| What you are asked to do |
In your copy of the data, keep every word exact and include no pictures.

| Given material |

····················

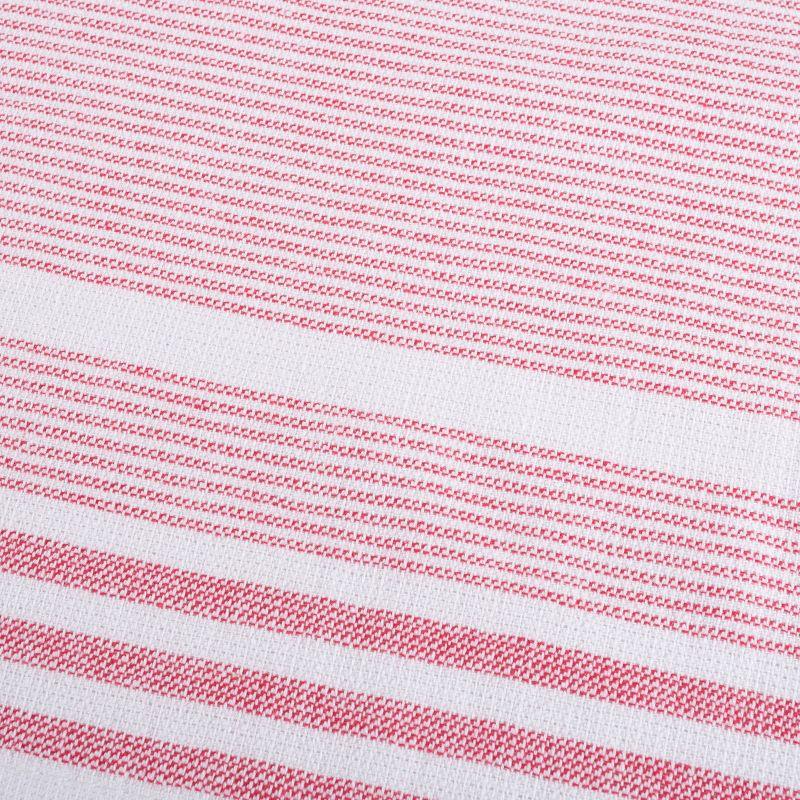 Kitchen Dish Cloth-Set of 16- 12.5x12.5-100% Cotton Wash Cloths-4 Colors of Modern Farmhouse Multi Stripes-Dishcloths for Cleaning by Lavish Home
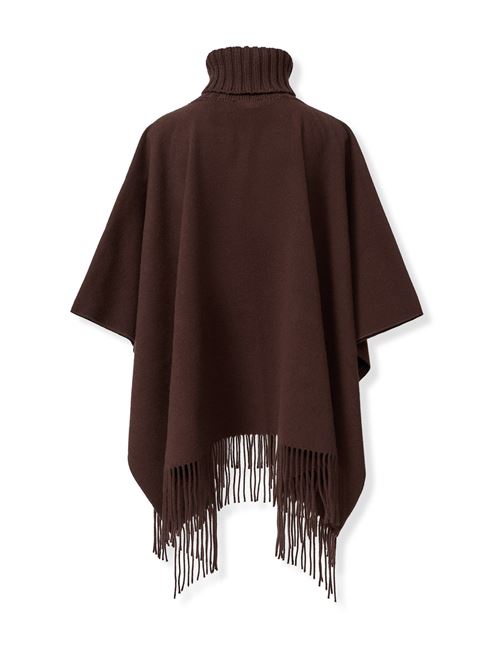CASHMERE BLEND PONCHO FABIANA FILIPPI | SAD215A8021269 EBANO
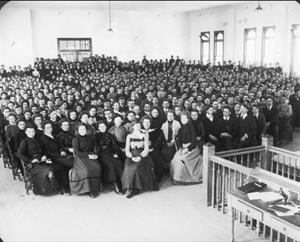 An assembly in College Hall in 1902. - , Utah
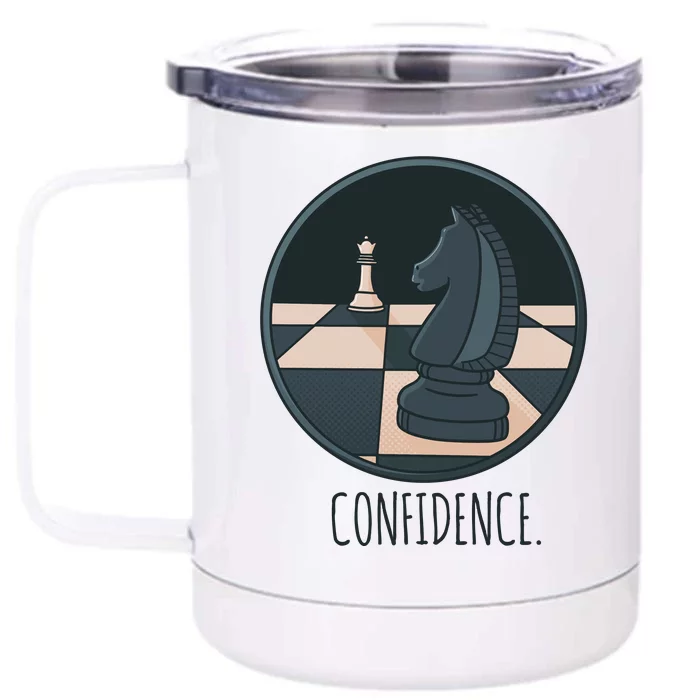 Confidence Chess Front & Back 12oz Stainless Steel Tumbler Cup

····················

| Result of this task |
 Kitchen Dish Cloth-Set of 16- 12.5x12.5-100% Cotton Wash Cloths-4 Colors of Modern Farmhouse Multi Stripes-Dishcloths for Cleaning by Lavish Home
CASHMERE BLEND PONCHO FABIANA FILIPPI | SAD215A8021269 EBANO
 An assembly in College Hall in 1902. - , Utah
 Confidence Chess Front & Back 12oz Stainless Steel Tumbler Cup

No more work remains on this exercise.